Shlomo Venezia, "Sonderkommando - Dans l'enfer des chambres à gaz"
- « Sonderkommando – Dans l'enfer des chambres à gaz », Shlomo Venezia, éditions Le Livre de Poche.
« Sonderkommando ». Mot à mot, « équipe spéciale ». Il fallait déjà avoir de la chance pour s'y voir intégré. Un homme sur mille ou dix mille peut-être. Pas plus. Car Auschwitz, ce neuvième cercle de l'enfer, avait ses besoins propres en chair humaine vivante. Il ne pouvait même se passer de la participation d'une main-d’œuvre si singulière. Ces individus demeureraient en effet des « porteurs de secret », ceux qui avaient été sélectionnés à seule fin de participer à l'assassinat de leur propre peuple, tout en sachant parfaitement qu'ils n'échapperaient eux-mêmes pas à leur triste destin.

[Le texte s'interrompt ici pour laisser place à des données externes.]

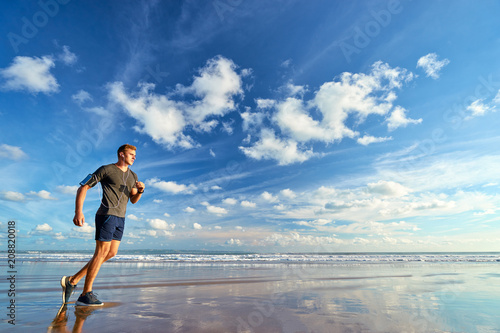 Sports lifestyle. Happy young man in earphones jogging on the sea shore.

Il est vrai que pour la plupart d'entre eux, ils avaient déjà enduré le meurtre de leurs proches, de leurs femmes, de leurs enfants, de leurs parents... qui tous avaient fini par sortir « par la cheminée » ! Les survivants, êtres désormais coupés de leur ancienne humanité, constituaient par conséquent une force de travail idéale aux yeux des SS chargés de la gestion quotidienne de l'atroce génocide. D'autant qu'immédiatement disponibles et malléables, ils partageraient dès lors une part de culpabilité avec leurs bourreaux.

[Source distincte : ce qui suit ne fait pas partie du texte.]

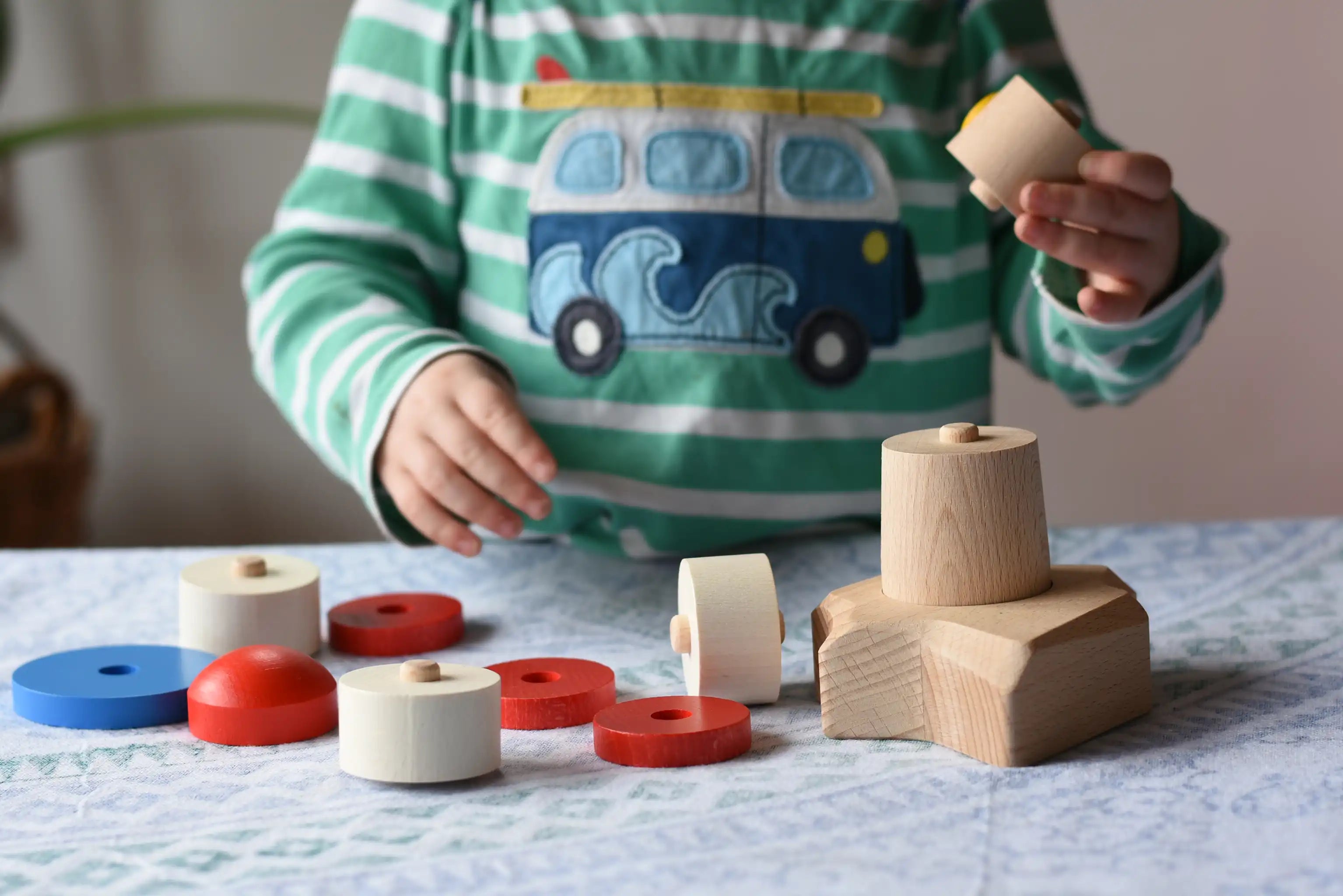 A child starting to assemble the Bajo Lighthouse Stacker all the pieces have been placed on a table.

Shlomo Venezia fut un de ces malheureux. Destiné par hasard à une survie provisoire, il participa de l'ignoble processus de destruction ethnique. Fatalement, il s'en sentit coupable, souffrit de l'isolement imposé par les nazis à cette force de travail dont le savoir ne devait jamais s'ébruiter et, en fin de compte, adhéra même à sa tentative de révolte contre l'horreur, qui se matérialisa fin 1944 par la destruction d'un des fours crématoires. L'originalité de ce juif grec est pourtant d'une toute autre nature. Elle réside dans le simple fait, qu'un peu plus malin que les autres, il parvint à se faufiler au sein d'un groupe de prisonniers lorsque les événements s'accélérèrent et qu'il fut question de vider les lieux. Incorporé aux marches de la mort, il sauva ainsi sa vie et fut surtout à même de témoigner.

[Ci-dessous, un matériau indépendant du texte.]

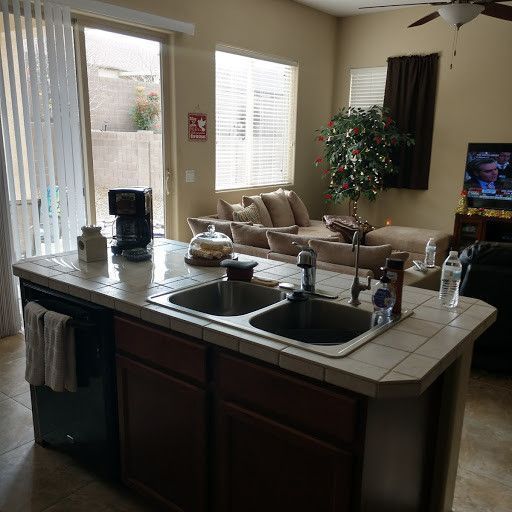 A kitchen with two sinks and a couch in the background.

Après de longues années de silence, c'est en fin de compte ce qu'il semble s'être décidé à effectuer en collaboration avec Béatrice Prasquier. Le tout paraît accompagné d'une préface de Simone Veil et de deux postfaces synthétiques rédigées par Marcello Pezzetti et Umberto Gentiloni. Mais l'essentiel de l'ouvrage contient en fait un dialogue à sens unique consistant en un incessant jeu de questions-réponses entre l'historienne et le témoin. Dialogue dont le lecteur peut grandement profiter dans le sens où il permet d'appréhender ce que fut réellement l'existence quotidienne de ces sursitaires à l'horreur nazie, ce que furent leurs peurs et leurs espoirs, et en définitive leur fonction effective au cœur d'un système totalitaire dont ils ne furent jamais que des victimes transformées, par la grâce de quelques fonctionnaires, en supplétifs provisoires d'une machine de mort dantesque.
Quel homme peut survivre et conserver sa raison après de telles épreuves ? Telle est la question qui vient inévitablement à l'esprit en cours de lecture.
Justement, l'enseignement à tirer du témoignage de Shlomo Venezia, ce combattant de la vérité luttant de ses dernières forces contre l'oubli et le temps qui passe inexorablement, permet de formuler une réponse à l'angoissante interrogation. Tous les hommes le peuvent. Car son exemple, celui d'un simple juif de Salonique qui n'était en rien préparé à ce qu'il allait endurer, apporte incontestablement la preuve qu'il est possible d'échapper pour toujours à l'emprise malsaine d'un régime honni tout en n'oubliant pas qu'il faut absolument s'impliquer pour que la mémoire demeure vivante par delà les brumes de l'oubli.